■ **YOUR INSTRUCTIONS**
Transcribe all of the records word for word, but omit the pictures.

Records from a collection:
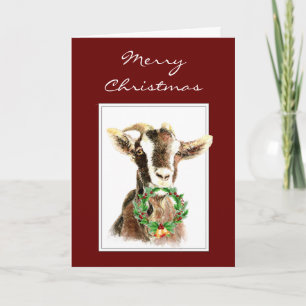 Leuke vrolijke kerst van oude geit nice list feestdagen kaart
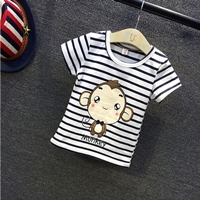 เสื้อยืดเด็ก-Baby-Monkey-ลายทาง-สีขาวกรม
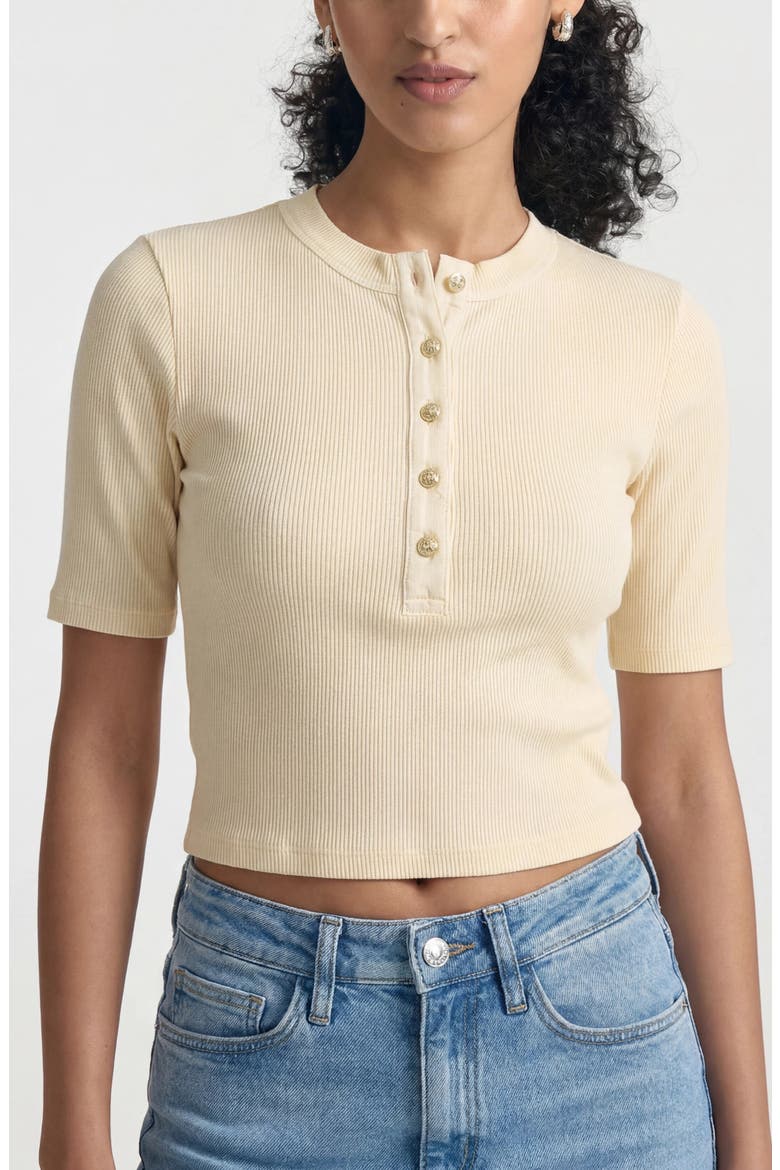 Crop Henley Top, Main, color, TRANSPARENT YELLOW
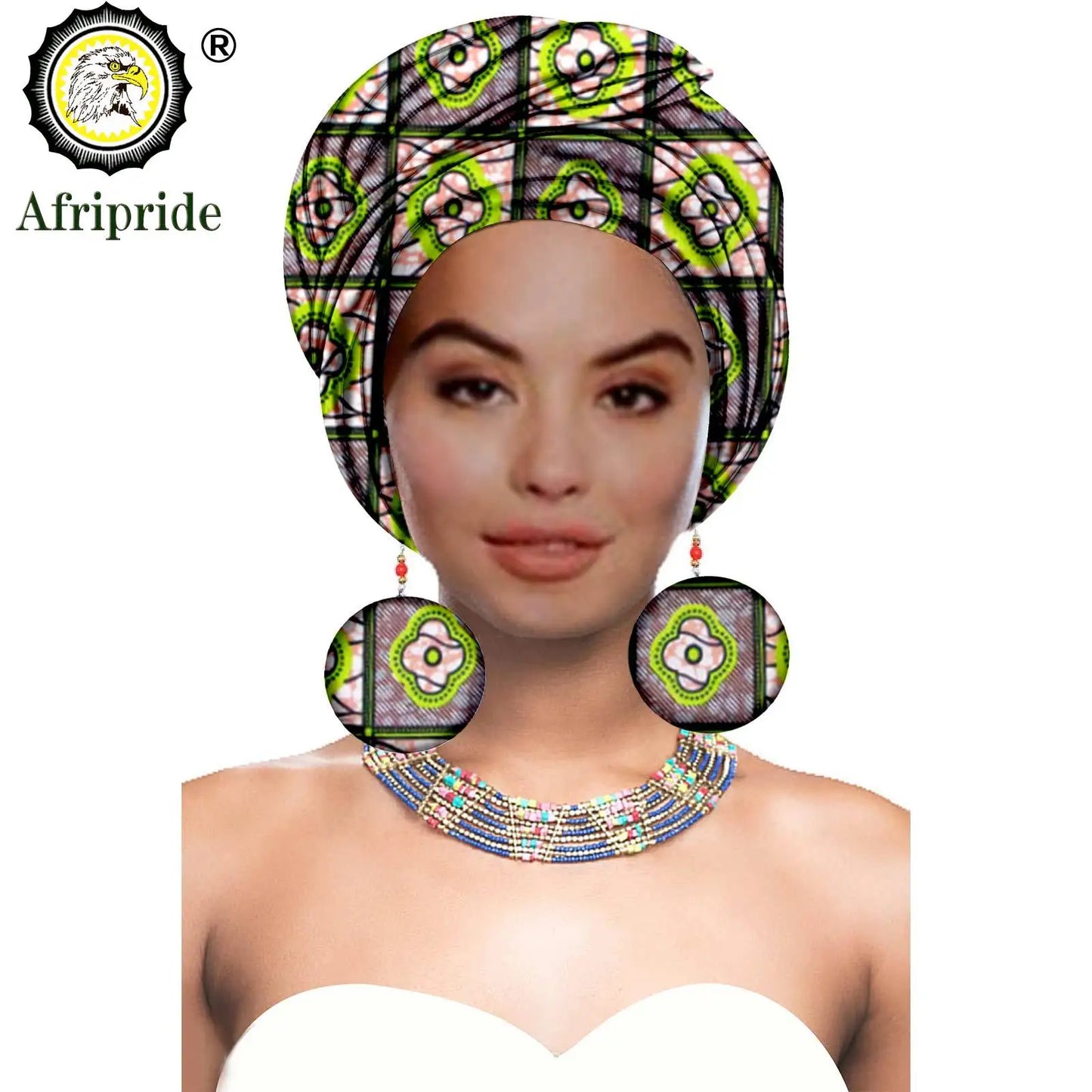 African Turban Headwrap - Nigerian Ankara Headscarf with Matching Earrings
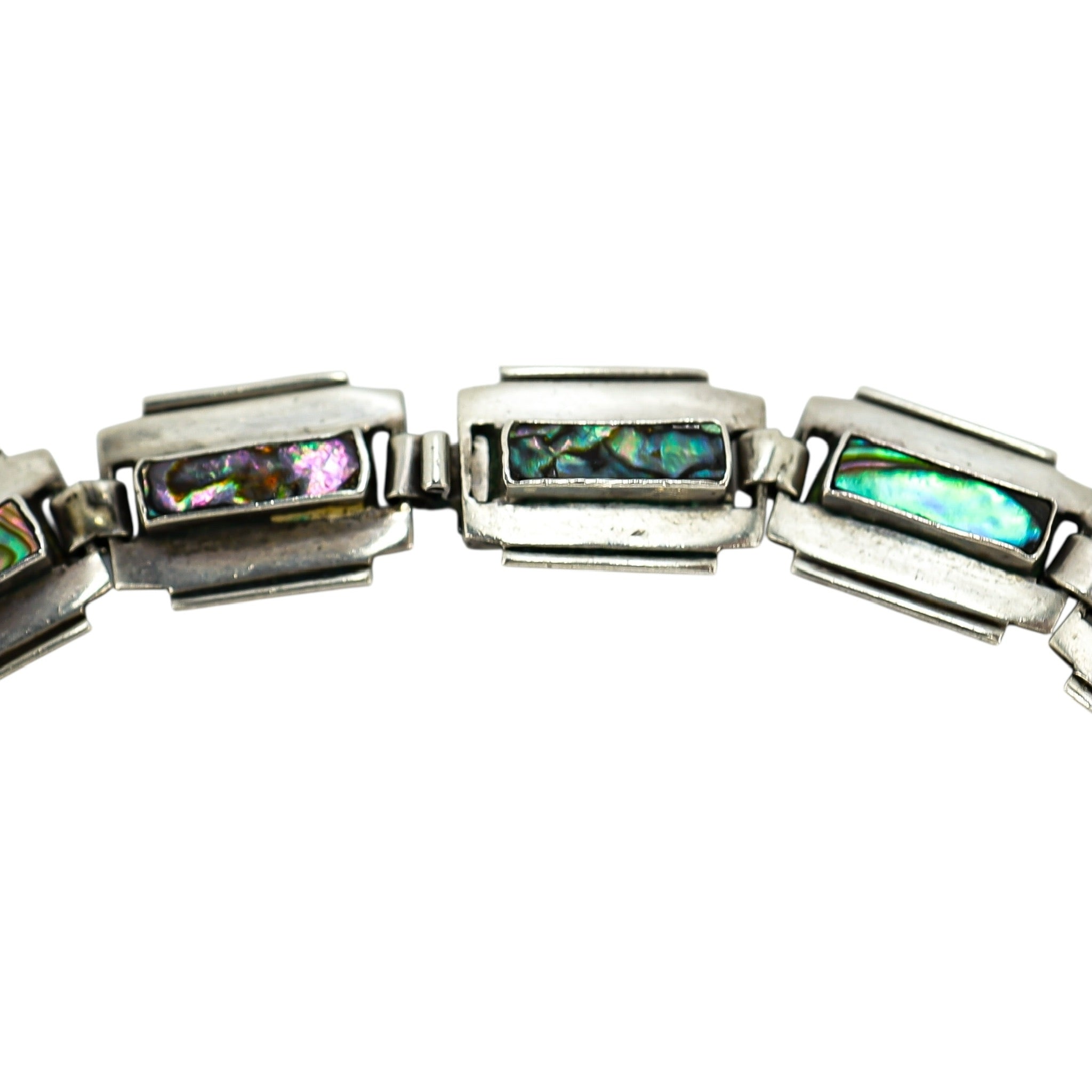 Vintage Taxco Sterling Silver Abalone Inlay Choker Necklace – 15” - Razor Blade Links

■ **SOLUTION TO THIS PROBLEM**
 Leuke vrolijke kerst van oude geit nice list feestdagen kaart
 เสื้อยืดเด็ก-Baby-Monkey-ลายทาง-สีขาวกรม
 Crop Henley Top, Main, color, TRANSPARENT YELLOW
 African Turban Headwrap - Nigerian Ankara Headscarf with Matching Earrings
 Vintage Taxco Sterling Silver Abalone Inlay Choker Necklace – 15” - Razor Blade Links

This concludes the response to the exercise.